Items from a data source
--- START ---
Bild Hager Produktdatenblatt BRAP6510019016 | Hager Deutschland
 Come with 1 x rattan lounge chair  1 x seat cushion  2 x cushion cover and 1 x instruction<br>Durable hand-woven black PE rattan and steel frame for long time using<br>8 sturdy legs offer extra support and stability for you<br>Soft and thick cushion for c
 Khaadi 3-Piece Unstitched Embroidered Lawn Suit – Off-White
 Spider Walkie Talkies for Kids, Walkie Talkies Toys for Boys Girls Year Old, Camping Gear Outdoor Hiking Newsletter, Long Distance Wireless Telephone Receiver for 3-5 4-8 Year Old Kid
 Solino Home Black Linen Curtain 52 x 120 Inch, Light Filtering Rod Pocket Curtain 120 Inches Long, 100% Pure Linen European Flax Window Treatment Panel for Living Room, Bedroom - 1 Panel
--- END ---
Directions
Would you output, unchanged, each line from the start of the records to the line that holds "Khaadi 3-Piece Unstitched", both included and nothing else?

Written response
Bild Hager Produktdatenblatt BRAP6510019016 | Hager Deutschland
 Come with 1 x rattan lounge chair  1 x seat cushion  2 x cushion cover and 1 x instruction<br>Durable hand-woven black PE rattan and steel frame for long time using<br>8 sturdy legs offer extra support and stability for you<br>Soft and thick cushion for c
 Khaadi 3-Piece Unstitched Embroidered Lawn Suit – Off-White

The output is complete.